The Washington Post published a report Monday in which eight women alleged that Rose, 75, made non-consensual sexual advances towards them, including groping, lewd calls and walking naked in their presence, while they either worked for or aspired to work for the TV host on his Charlie Rose show spanning from the late ’90s to 2011.

In a statement to PEOPLE on Monday, CBS News said that “Charlie Rose is suspended immediately while we look into this matter. These allegations are extremely disturbing and we take them very seriously.”

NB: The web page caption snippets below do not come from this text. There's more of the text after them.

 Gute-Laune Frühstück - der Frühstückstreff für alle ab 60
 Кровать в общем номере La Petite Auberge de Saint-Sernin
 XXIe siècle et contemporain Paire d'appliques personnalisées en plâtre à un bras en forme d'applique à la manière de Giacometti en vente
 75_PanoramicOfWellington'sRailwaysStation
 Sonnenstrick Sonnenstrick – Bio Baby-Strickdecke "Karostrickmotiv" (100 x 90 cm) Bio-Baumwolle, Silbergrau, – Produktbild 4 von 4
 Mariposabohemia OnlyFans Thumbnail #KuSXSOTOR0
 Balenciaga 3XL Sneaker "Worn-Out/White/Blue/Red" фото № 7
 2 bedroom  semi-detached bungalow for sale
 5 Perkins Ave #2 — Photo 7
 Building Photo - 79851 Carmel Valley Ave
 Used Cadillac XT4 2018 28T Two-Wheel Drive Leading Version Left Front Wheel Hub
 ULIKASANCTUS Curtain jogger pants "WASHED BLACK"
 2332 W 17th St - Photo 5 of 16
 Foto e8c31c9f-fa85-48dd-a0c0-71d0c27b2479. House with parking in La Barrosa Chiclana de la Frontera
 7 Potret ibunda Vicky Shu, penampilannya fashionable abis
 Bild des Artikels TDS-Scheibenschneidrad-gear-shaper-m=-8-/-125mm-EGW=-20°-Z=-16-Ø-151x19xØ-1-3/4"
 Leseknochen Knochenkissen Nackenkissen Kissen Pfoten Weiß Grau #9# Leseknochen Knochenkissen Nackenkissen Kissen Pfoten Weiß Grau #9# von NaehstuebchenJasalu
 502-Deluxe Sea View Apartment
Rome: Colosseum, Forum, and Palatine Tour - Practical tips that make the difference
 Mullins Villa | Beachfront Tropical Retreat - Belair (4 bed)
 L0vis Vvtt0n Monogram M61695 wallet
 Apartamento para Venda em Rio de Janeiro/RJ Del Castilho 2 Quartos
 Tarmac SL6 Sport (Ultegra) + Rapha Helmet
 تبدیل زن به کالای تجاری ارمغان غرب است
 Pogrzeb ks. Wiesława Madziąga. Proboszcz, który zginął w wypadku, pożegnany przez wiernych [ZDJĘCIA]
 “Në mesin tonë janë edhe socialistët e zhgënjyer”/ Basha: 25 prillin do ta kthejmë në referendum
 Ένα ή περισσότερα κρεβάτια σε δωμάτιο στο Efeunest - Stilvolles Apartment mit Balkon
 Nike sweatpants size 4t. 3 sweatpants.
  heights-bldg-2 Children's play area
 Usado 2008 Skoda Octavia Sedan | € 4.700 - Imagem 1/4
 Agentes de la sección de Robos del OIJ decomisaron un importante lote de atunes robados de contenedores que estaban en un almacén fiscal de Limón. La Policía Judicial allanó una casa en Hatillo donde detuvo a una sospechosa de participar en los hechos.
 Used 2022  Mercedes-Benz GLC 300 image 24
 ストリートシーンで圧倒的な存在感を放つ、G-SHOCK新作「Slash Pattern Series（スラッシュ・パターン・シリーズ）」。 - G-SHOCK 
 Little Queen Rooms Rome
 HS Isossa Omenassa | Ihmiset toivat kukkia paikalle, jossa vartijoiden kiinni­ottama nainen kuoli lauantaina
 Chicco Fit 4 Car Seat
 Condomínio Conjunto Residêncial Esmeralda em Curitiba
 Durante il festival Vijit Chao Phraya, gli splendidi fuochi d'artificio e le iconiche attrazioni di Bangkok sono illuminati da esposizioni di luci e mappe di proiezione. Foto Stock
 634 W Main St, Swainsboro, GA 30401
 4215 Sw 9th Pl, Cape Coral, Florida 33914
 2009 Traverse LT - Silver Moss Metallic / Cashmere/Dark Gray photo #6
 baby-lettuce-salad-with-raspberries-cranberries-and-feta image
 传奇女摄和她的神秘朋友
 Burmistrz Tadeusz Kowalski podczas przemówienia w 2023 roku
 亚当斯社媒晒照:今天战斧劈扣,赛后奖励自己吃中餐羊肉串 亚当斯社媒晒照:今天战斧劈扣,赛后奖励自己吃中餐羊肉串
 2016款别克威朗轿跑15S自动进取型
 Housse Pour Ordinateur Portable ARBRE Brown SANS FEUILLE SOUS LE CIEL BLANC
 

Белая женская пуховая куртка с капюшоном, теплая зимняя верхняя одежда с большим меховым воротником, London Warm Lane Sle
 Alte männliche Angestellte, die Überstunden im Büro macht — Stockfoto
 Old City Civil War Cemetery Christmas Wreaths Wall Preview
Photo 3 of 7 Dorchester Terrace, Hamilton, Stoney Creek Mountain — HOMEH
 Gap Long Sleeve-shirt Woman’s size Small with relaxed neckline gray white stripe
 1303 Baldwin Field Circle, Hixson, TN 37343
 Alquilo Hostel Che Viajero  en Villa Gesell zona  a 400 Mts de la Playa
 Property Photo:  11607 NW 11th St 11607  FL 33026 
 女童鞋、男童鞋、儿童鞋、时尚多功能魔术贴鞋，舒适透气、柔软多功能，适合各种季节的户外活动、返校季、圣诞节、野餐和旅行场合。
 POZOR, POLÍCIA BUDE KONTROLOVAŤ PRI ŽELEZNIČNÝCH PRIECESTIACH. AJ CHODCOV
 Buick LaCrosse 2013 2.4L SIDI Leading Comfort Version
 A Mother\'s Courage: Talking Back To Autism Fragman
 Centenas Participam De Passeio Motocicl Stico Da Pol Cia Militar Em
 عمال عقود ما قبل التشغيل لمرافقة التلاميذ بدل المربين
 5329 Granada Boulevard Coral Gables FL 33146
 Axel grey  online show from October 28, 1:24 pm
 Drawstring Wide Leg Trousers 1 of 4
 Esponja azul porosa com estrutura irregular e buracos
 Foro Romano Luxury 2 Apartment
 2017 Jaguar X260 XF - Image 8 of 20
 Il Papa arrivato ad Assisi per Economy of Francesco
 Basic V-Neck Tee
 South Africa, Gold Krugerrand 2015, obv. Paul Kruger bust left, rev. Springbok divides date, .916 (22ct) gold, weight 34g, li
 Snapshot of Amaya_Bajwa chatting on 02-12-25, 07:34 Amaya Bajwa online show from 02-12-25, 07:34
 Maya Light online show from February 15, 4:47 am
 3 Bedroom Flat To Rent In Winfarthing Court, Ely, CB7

According to the Post, PBS — which distributes Charlie Rose — and Bloomberg LP — the show is filmed at its headquarters in Manhattan — have also suspended distribution of Charlie Rose.

Charlie Rose
Jemal Countess/Getty

Rose, who also contributes to 60 Minutes, apologized for his behavior in a statement to the Post: “In my 45 years in journalism, I have prided myself on being an advocate for the careers of the women with whom I have worked. Nevertheless, in the past few days, claims have been made about my behavior toward some former female colleagues.”

“It is essential that these women know I hear them and that I deeply apologize for my inappropriate behavior. I am greatly embarrassed. I have behaved insensitively at times, and I accept responsibility for that, though I do not believe that all of these allegations are accurate. I always felt that I was pursuing shared feelings, even though I now realize I was mistaken,” his statement continued.

“I have learned a great deal as a result of these events, and I hope others will too,” he concluded. “All of us, including me, are coming to a newer and deeper recognition of the pain caused by conduct in the past, and have come to a profound new respect for women and their lives.”